Lo studio, scaricabile in formato pdf, è stato elaborato dall’Istituto di Studi sui Sistemi regionali, Federali e sulle Autonomie “Massimo Severo Giannini” (ISSiRFA-CNR) su commissione della Conferenza dei Presidenti delle Assemblee legislative delle Regioni e delle Province autonome.
In esso, l’ISSiRFA – sulla base dei materiali raccolti ai fini dell’elaborazione dei Rapporti sulla legislazione tra Stato, Regioni ed Unione europea curati dall’Osservatorio sulla legislazione della Camera dei Deputati (cui contribuisce da anni, unitamente agli Uffici legislativi delle Regioni e delle Province autonome) e sulla base delle rilevazioni compiute nel quadro delle proprie linee di ricerca – fa il “punto” sull’attuazione delle riforme costituzionali del 1999 e del 2001.
Lo stile adottato non è consueto nei lavori elaborati da un Istituto scientifico.
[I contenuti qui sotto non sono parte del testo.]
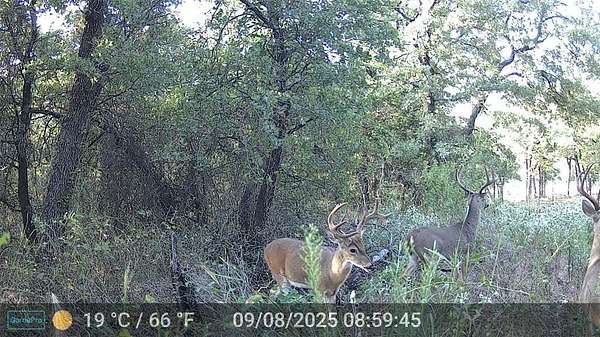 40.2 Acres of Agricultural Land for Sale in Sunset, Texas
Lo studio, infatti, si prefigge di fornire, mediante una serie coordinata di flash, un quadro di sintesi sullo stato del “nuovo” regionalismo italiano.
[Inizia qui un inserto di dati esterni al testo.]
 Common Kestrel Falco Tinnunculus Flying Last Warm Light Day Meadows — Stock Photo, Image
Il fatto che si siano intese privilegiare l’essenzialità e l’immediatezza della comunicazione non va, tuttavia, a detrimento della qualità scientifica del lavoro. Tutti i contributi, infatti, si fondano su dati empirici rigorosamente raccolti e seriamente valutati. Il che – può sottolinearsi – emancipa le “diagnosi” ottenute dal maggior rischio cui sono esposte le elaborazioni di questo tipo: quello – se così ci si può esprimere – dell’impressionismo.
Ma non basta. La scelta stilistica adottata presenta il vantaggio di fare emergere, in maniera particolarmente nitida, i tratti essenziali del quadro istituzionale che si sta progressivamente delineando: un quadro in movimento, nel quale la nota fondamentale è rappresentata dai processi di attuazione delle riforme costituzionali ricordate all’inizio.
Tali processi, pur non essendo ancora giunti a conclusione, registrano significativi passi in avanti, che stanno profondamente trasformando i caratteri del nostro ordinamento.
Soffermando l’attenzione sulle dinamiche che vedono, in prima linea, l’impegno delle Regioni, possono, in via esemplificativa, ricordarsi: gli undici nuovi Statuti sinora adottati, le leggi elettorali che hanno visto la luce in questi anni, le leggi “statutarie” licenziate da quasi tutti gli enti dotati di autonomia speciale, le iniziative assunte da due Regioni ordinarie in vista dell’accesso alle “forme e condizioni speciali di autonomia” di cui all’art. 116 u.c. Cost., la progressiva occupazione, da parte dei legislatori regionali, dell’ampia area loro residualmente assegnata dal quarto comma dell’art. 117 Cost.
È sufficiente questa rapida carrellata, per rendersi conto che, alla distanza di sette anni dalla riforma del titolo V, nessuna delle nuove strade da questa aperte all’autonomia delle Regioni è rimasta inutilizzata.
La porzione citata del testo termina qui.